Start of Material for this exercise

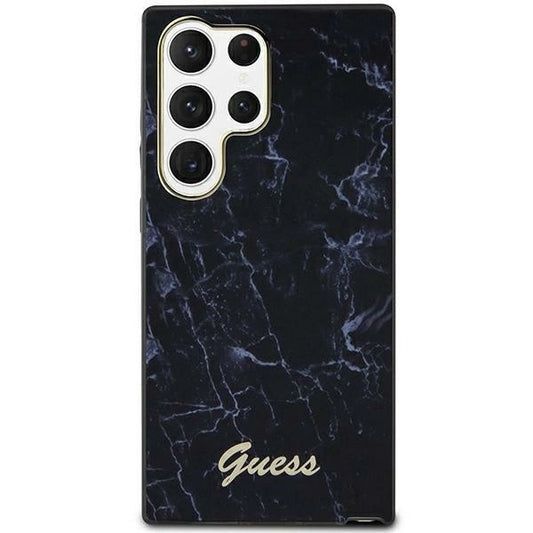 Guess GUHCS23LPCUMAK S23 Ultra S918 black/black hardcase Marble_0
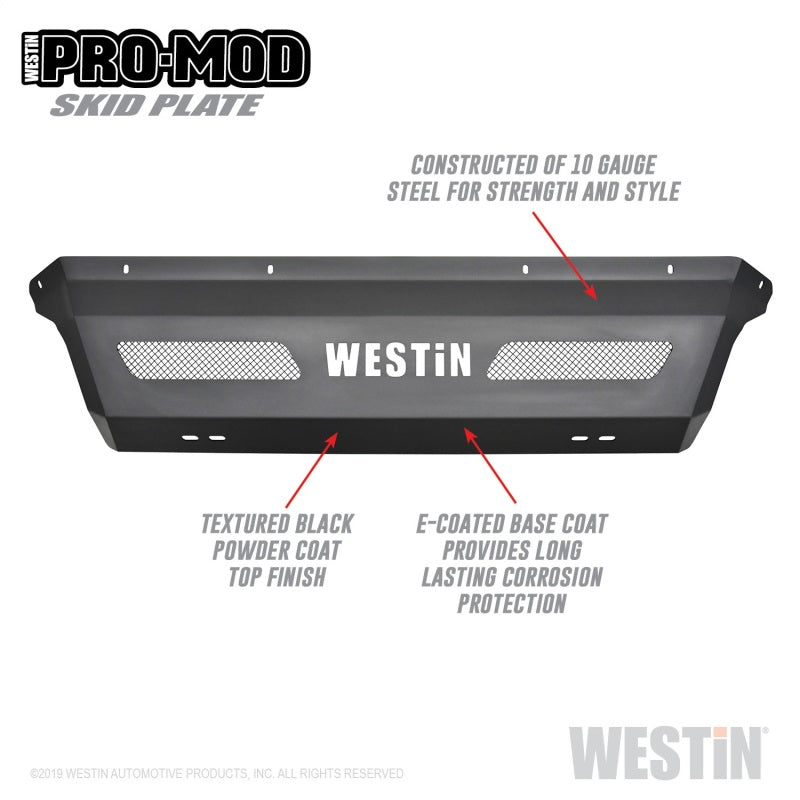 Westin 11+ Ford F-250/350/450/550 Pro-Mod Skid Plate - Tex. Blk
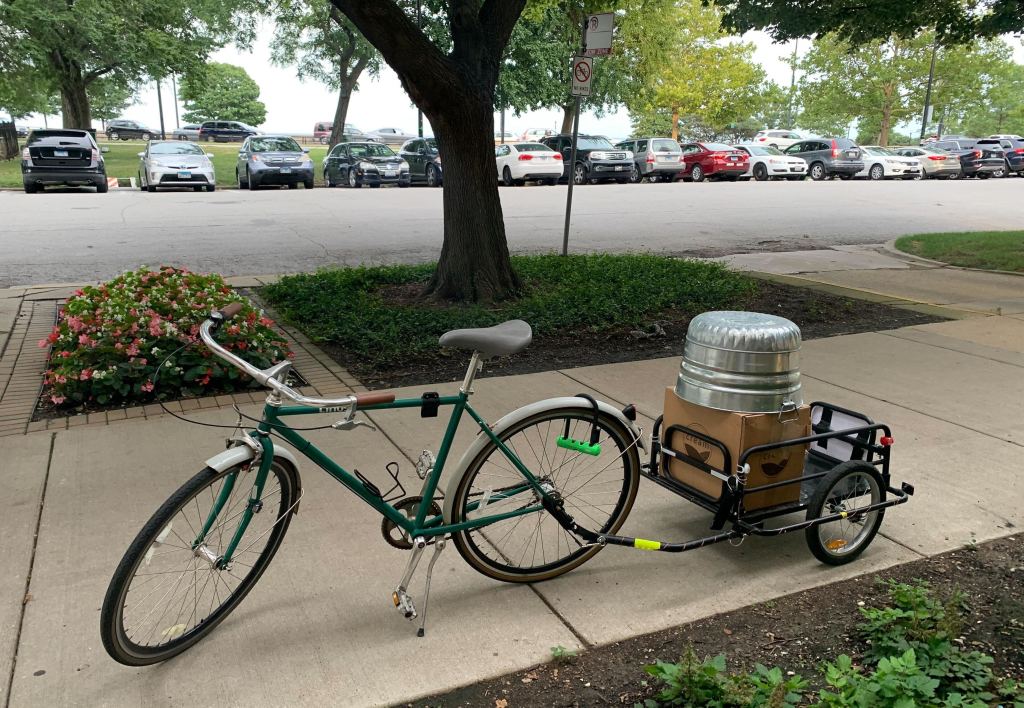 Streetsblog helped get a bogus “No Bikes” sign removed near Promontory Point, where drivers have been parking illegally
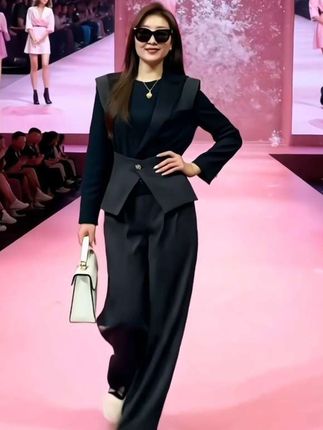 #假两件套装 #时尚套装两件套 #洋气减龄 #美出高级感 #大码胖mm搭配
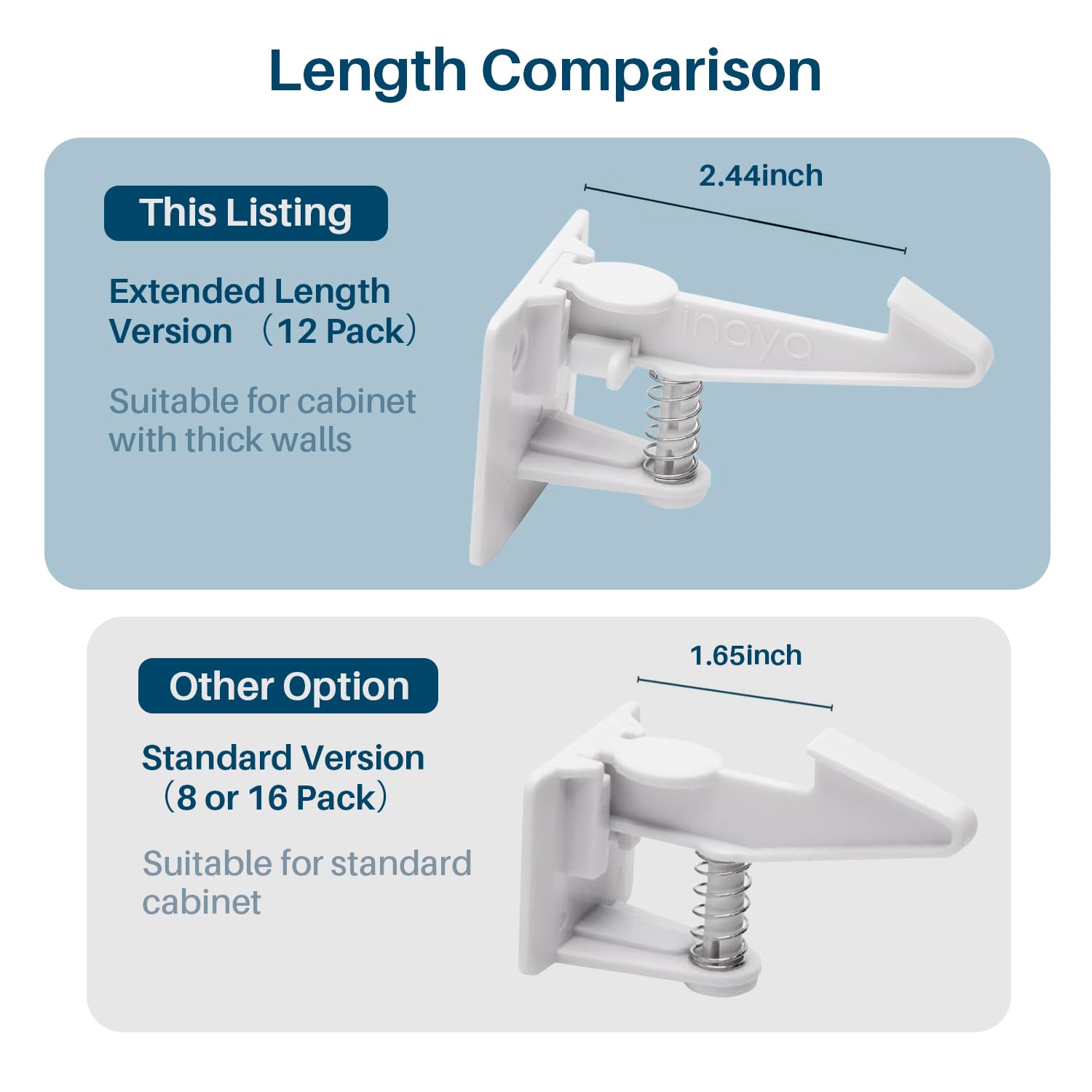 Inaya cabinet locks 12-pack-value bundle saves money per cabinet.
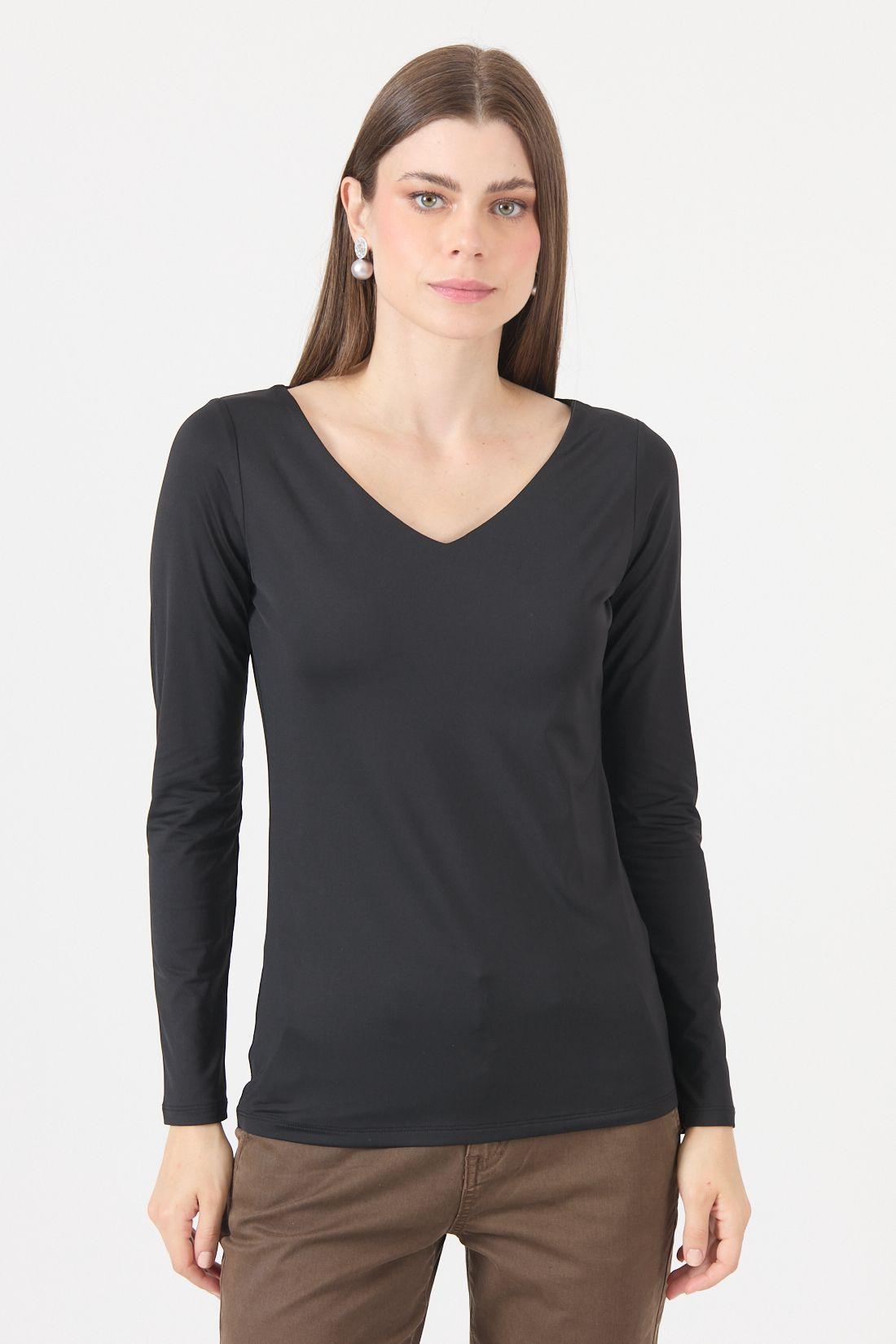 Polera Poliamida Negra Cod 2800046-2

End of Material for this exercise

Return the data above in its exact wording, with none of the pictures.

 Guess GUHCS23LPCUMAK S23 Ultra S918 black/black hardcase Marble_0
 Westin 11+ Ford F-250/350/450/550 Pro-Mod Skid Plate - Tex. Blk
 Streetsblog helped get a bogus “No Bikes” sign removed near Promontory Point, where drivers have been parking illegally
 #假两件套装 #时尚套装两件套 #洋气减龄 #美出高级感 #大码胖mm搭配
 Inaya cabinet locks 12-pack-value bundle saves money per cabinet.
 Polera Poliamida Negra Cod 2800046-2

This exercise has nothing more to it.